▸ **YOUR GOAL**
Exclude pictures; retype the lines below from the line containing "Pair of old" through the end of the records, both ends kept.

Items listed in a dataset
::::::::::

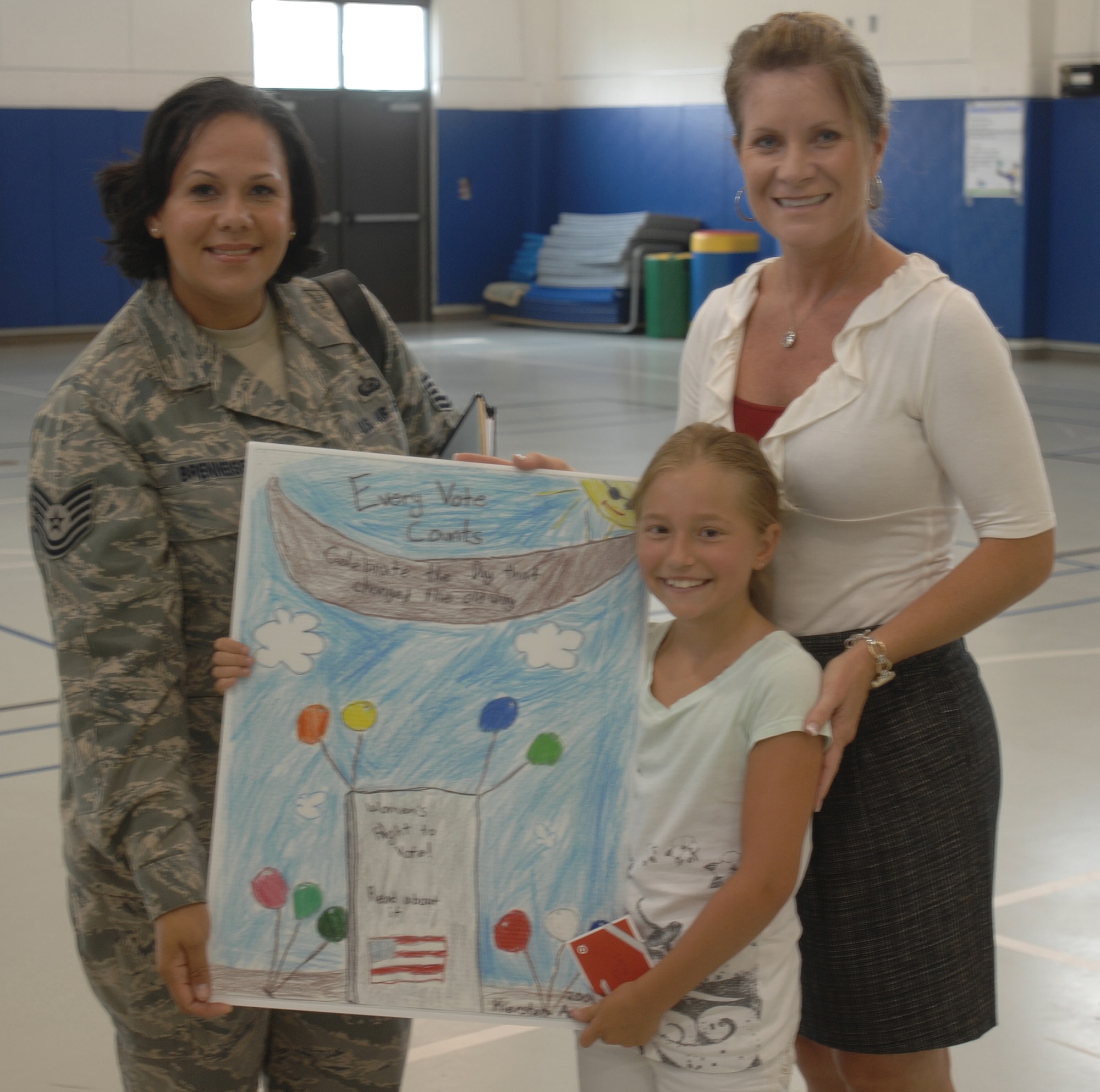 Nine-year-old Kiersten Aaberg displays her winning poster as part of the 2009 Women?s Equality Day drawing contest at the Hurlburt Youth Center. Aug. 26 is designated annually to observe the 1920 passage of the 19th Amendment to the Constitution, which gave women the right to vote. The passing of the amendment was a culmination of a civil rights movement by women. The movement officially began in 1848 at the first women?s rights convention held at Seneca Falls, N.Y. Today, Women?s Equality Day not only commemorates the passage of the 19th Amendment, it also calls attention to women?s continuing efforts toward full equality.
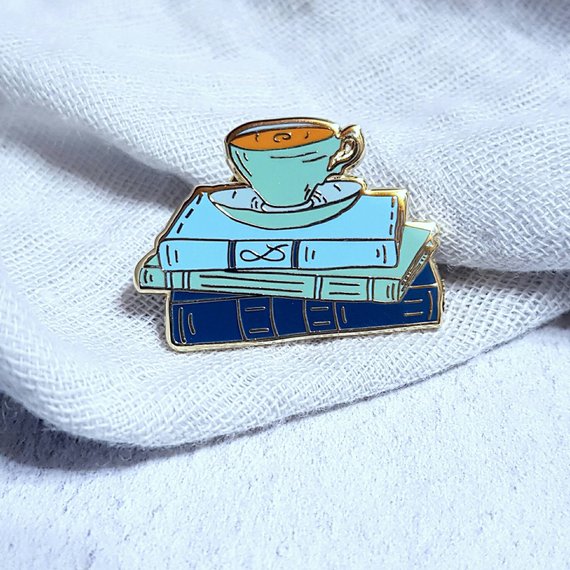 teacup on a stack of books enamel pin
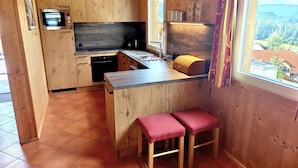 A kitchen with wooden cabinets, a built-in oven, a sink, and a window with a view of the landscape.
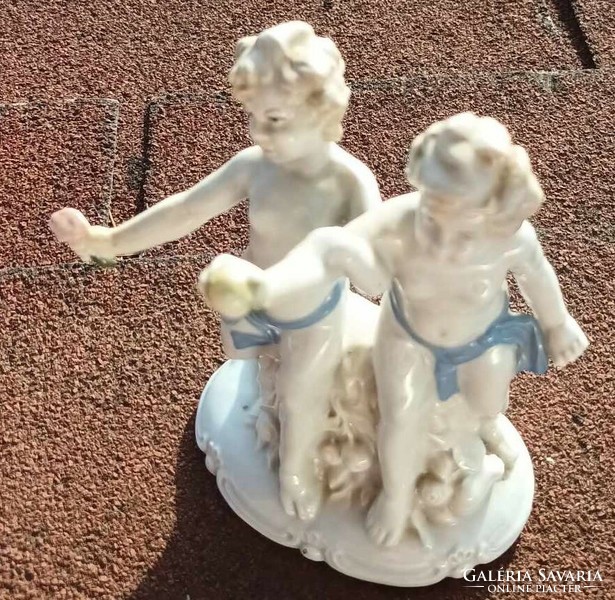 Pair of old German crown stamped baroque porcelain children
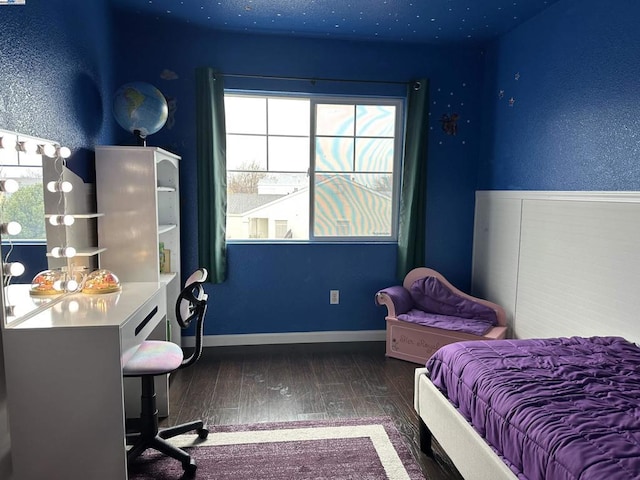 bedroom featuring dark hardwood / wood-style flooring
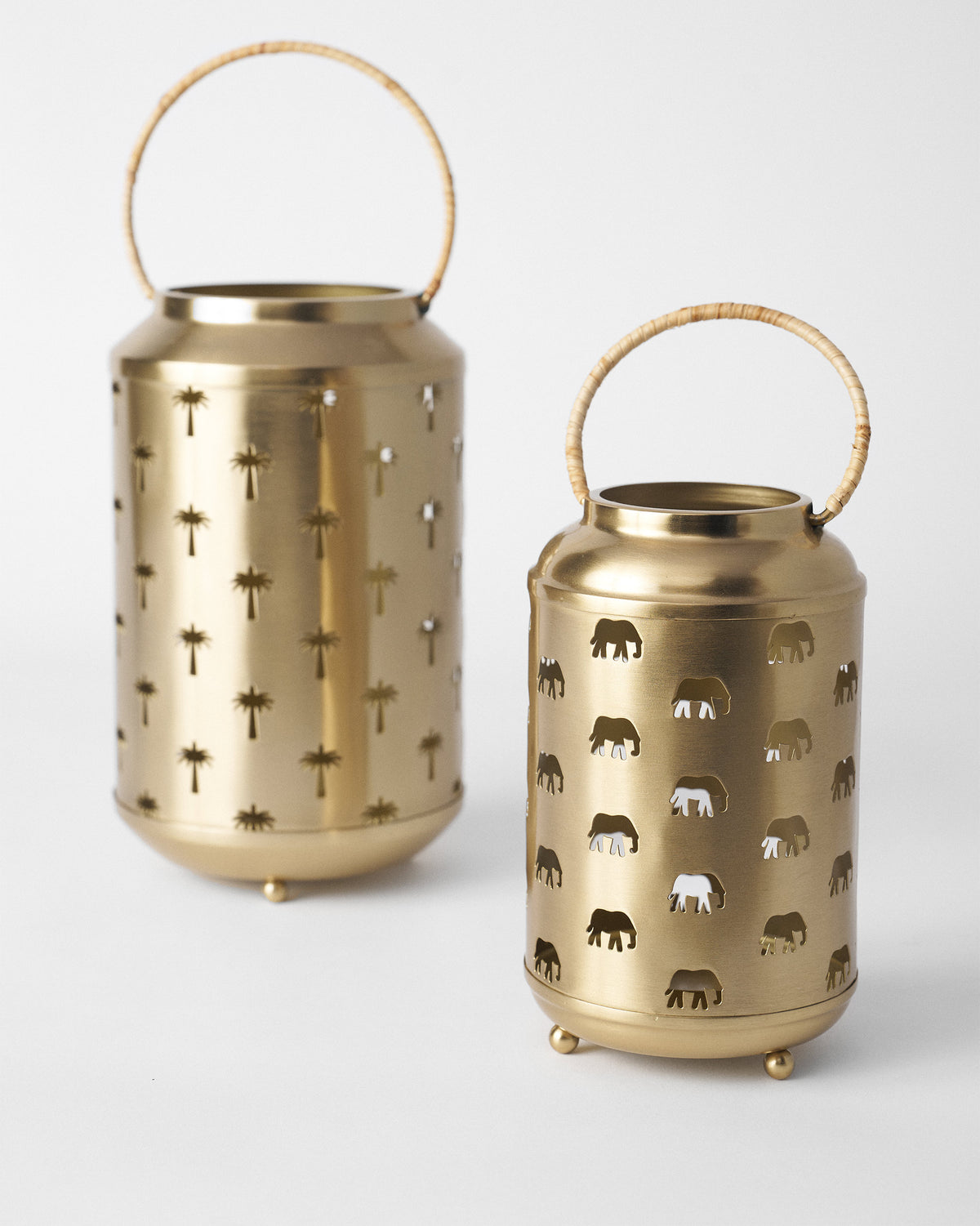 Two gold Ele Palm lanterns: palm cutouts and elephant cutouts.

::::::::::

▸ **ANSWER AREA**
 Pair of old German crown stamped baroque porcelain children
 bedroom featuring dark hardwood / wood-style flooring
 Two gold Ele Palm lanterns: palm cutouts and elephant cutouts.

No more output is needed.